[Scraped caption text data]
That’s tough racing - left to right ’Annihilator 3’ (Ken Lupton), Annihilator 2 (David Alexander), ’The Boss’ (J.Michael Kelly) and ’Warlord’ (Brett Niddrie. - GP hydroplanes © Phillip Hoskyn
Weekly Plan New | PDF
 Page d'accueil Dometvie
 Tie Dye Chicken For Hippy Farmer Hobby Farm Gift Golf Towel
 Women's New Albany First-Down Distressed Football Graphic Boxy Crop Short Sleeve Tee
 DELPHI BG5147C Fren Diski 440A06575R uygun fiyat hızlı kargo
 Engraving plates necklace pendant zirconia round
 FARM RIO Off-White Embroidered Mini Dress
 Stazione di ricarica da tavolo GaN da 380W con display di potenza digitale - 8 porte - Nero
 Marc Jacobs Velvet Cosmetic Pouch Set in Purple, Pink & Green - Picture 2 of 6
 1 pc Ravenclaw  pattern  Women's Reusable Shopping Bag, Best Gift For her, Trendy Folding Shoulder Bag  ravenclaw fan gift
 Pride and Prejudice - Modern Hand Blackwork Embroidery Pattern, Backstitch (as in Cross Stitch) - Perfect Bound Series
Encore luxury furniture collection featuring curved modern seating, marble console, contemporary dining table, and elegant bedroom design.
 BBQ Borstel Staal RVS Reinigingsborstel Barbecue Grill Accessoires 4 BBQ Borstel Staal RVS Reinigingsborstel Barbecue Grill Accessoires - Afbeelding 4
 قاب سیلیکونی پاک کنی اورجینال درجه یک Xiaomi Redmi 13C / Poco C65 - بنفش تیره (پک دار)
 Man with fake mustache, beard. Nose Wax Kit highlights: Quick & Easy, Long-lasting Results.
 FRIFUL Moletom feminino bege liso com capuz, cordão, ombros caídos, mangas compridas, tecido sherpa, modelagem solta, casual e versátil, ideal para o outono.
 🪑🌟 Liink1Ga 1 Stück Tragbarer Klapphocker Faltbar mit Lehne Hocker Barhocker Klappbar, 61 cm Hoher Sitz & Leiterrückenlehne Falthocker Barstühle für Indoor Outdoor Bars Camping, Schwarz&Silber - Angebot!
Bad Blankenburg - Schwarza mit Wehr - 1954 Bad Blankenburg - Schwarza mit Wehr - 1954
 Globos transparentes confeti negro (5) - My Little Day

> **What you have to do**
Only the lines from the one holding "Tie Dye Chicken" through the final line of the entries, both included, should be given again, word for word.

> **Final answer**
 Tie Dye Chicken For Hippy Farmer Hobby Farm Gift Golf Towel
 Women's New Albany First-Down Distressed Football Graphic Boxy Crop Short Sleeve Tee
 DELPHI BG5147C Fren Diski 440A06575R uygun fiyat hızlı kargo
 Engraving plates necklace pendant zirconia round
 FARM RIO Off-White Embroidered Mini Dress
 Stazione di ricarica da tavolo GaN da 380W con display di potenza digitale - 8 porte - Nero
 Marc Jacobs Velvet Cosmetic Pouch Set in Purple, Pink & Green - Picture 2 of 6
 1 pc Ravenclaw  pattern  Women's Reusable Shopping Bag, Best Gift For her, Trendy Folding Shoulder Bag  ravenclaw fan gift
 Pride and Prejudice - Modern Hand Blackwork Embroidery Pattern, Backstitch (as in Cross Stitch) - Perfect Bound Series
Encore luxury furniture collection featuring curved modern seating, marble console, contemporary dining table, and elegant bedroom design.
 BBQ Borstel Staal RVS Reinigingsborstel Barbecue Grill Accessoires 4 BBQ Borstel Staal RVS Reinigingsborstel Barbecue Grill Accessoires - Afbeelding 4
 قاب سیلیکونی پاک کنی اورجینال درجه یک Xiaomi Redmi 13C / Poco C65 - بنفش تیره (پک دار)
 Man with fake mustache, beard. Nose Wax Kit highlights: Quick & Easy, Long-lasting Results.
 FRIFUL Moletom feminino bege liso com capuz, cordão, ombros caídos, mangas compridas, tecido sherpa, modelagem solta, casual e versátil, ideal para o outono.
 🪑🌟 Liink1Ga 1 Stück Tragbarer Klapphocker Faltbar mit Lehne Hocker Barhocker Klappbar, 61 cm Hoher Sitz & Leiterrückenlehne Falthocker Barstühle für Indoor Outdoor Bars Camping, Schwarz&Silber - Angebot!
Bad Blankenburg - Schwarza mit Wehr - 1954 Bad Blankenburg - Schwarza mit Wehr - 1954
 Globos transparentes confeti negro (5) - My Little Day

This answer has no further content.